*DATA FOR THIS TASK:*
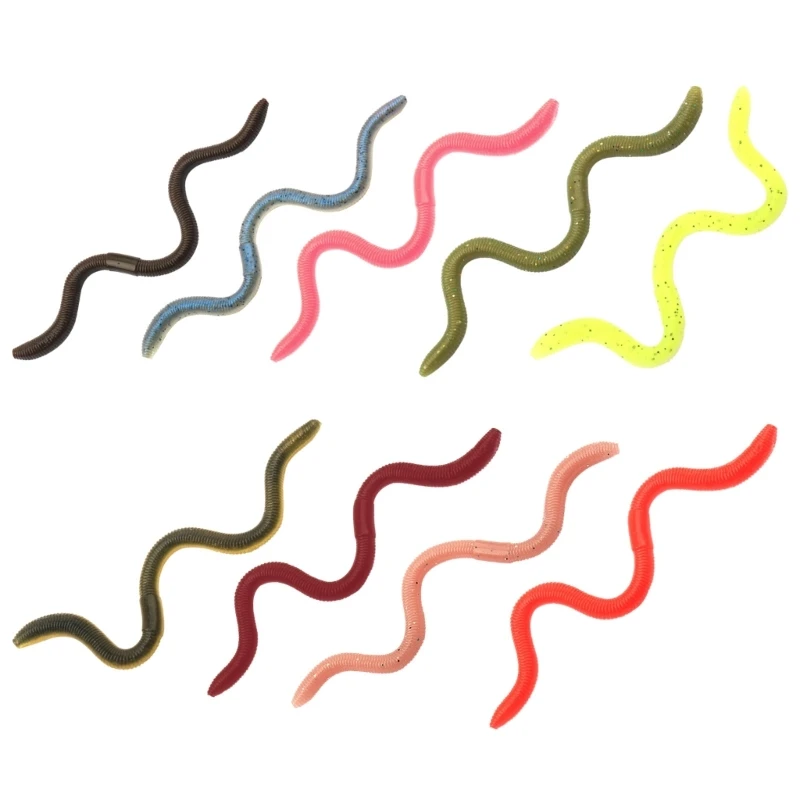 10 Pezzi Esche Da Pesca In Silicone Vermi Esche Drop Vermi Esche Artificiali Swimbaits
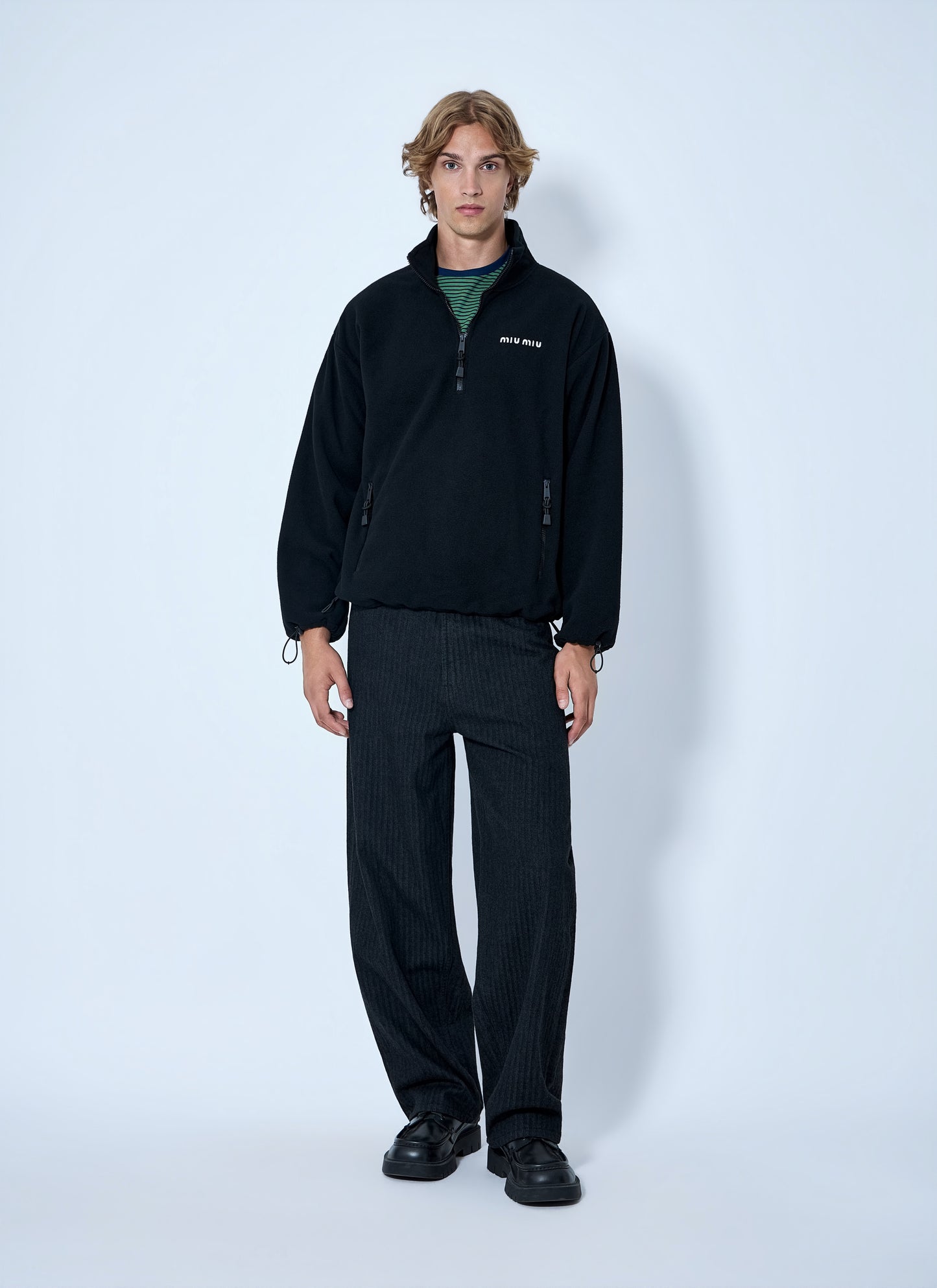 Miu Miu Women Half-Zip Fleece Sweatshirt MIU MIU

==

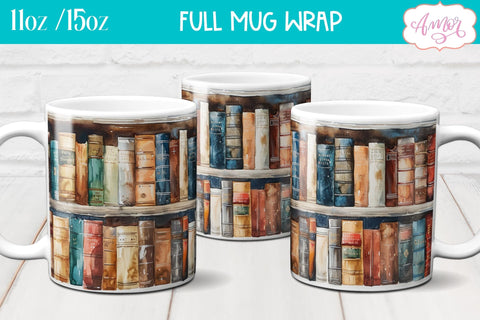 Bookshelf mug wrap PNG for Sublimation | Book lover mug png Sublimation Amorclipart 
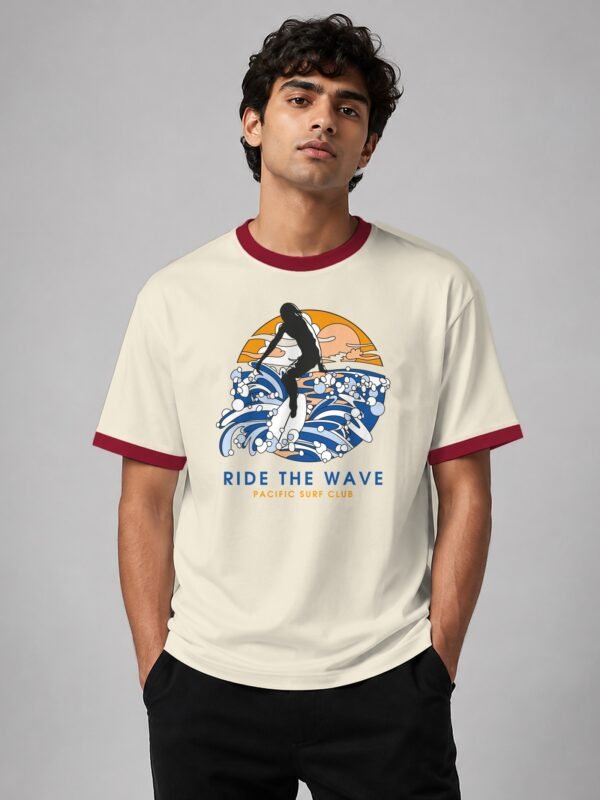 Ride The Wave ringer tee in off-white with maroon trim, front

--

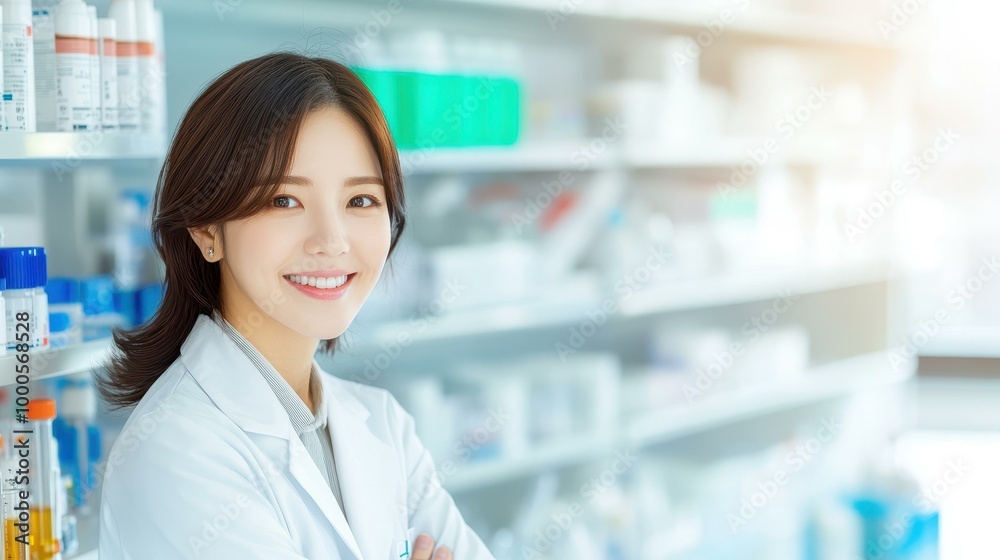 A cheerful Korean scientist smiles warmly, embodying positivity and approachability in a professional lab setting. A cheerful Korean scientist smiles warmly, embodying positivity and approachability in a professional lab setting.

*TASK STATEMENT:* Write out again exactly the lines above from the one with "10 Pezzi Esche" through the one with "Miu Miu Women", adding no other lines and no pictures.

*COMPLETED TASK:*
 10 Pezzi Esche Da Pesca In Silicone Vermi Esche Drop Vermi Esche Artificiali Swimbaits
 Miu Miu Women Half-Zip Fleece Sweatshirt MIU MIU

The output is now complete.